Study Says Strip Clubs Don’t Attract Crime

A group of strip clubs have released a study showing that such clubs don’t attract crime.

The study, which is said to have examined police responses over an eight-year period at three Seattle strip clubs, says that there was no evidence to show that they needed more police attention than other businesses, the Seattle Times reported.

The study was part of an effort in support of a referendum placed on the Nov. 7 ballot by several area clubs that aim to overturn the city’s tough ordinance regulating clubs that was approved last year. Under the measure, dancers are required to remain at least four feet away from customers at all times. It also bans the direct tipping of dancers and also requires brighter lighting at clubs.

City officials said they had not seen the study, but nonetheless dismissed it, saying it was biased on behalf of the clubs.

Daniel Linz, a professor of communication and law and society at the University of California, Santa Barbara, conducted the study for the clubs. Linz is said to work for the adult entertainment industry regularly in order to dispute claims that it attracts crime or other negative after effects.

The study examined the clubs Rick’s, in Lake City; the Déjà Vu, near the Pike Place Market, and the Sands club in Ballard. Only Centerfolds, the other licensed club in the city, did no participate in the study.

According to the study, police responded to about 1,200 service calls at a Fred Meyer store on Lake City Way between March 1998 and June 2006, compared to just 375 at Rick’s during the same period.

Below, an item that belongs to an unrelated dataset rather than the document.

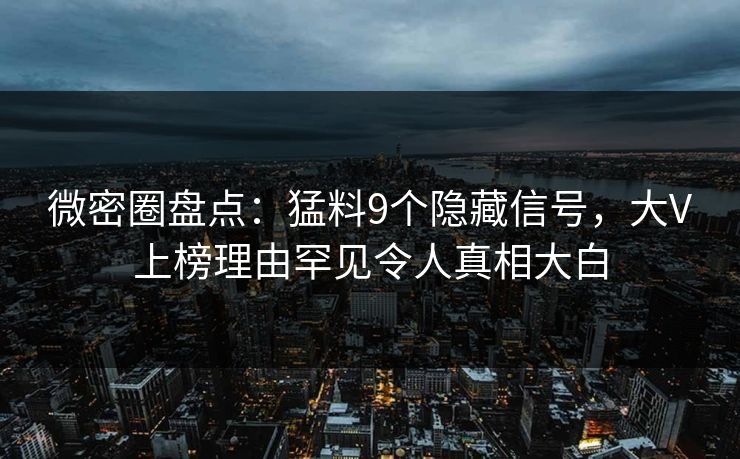 微密圈盘点:猛料9个隐藏信号,大V上榜理由罕见令人真相大白 微密圈盘点:猛料9个隐藏信号,大V上榜理由罕见令人真相大白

Most police activities at Rick’s and other clubs involved undercover vice inspections to determine whether dancers were violating rules barring sexually touching patrons. The study said that most of those inspections have been reduced over the last few years due to budget cuts and by shifting members of the vice unit to other areas such as liquor inspections and street prostitution.

The study contends that such decline in inspections shows that law enforcement does not view strip club activities as a threat to public safety.

But Assistant Police Chief Linda Pierce said that the number of police calls does not mean strip clubs are any safer than other businesses, adding that she felt that strip club patrons are unlikely to call police if they see a crime take place in a club.

Police said they frequently cite dancers for violating the city’s sexual contact rules with customers when undercover officers are sent to clubs. The city has suspended the licenses of 114 dancers for various rules violations since 2002, of which 26 were reversed on appeals, the city’s licensing office said.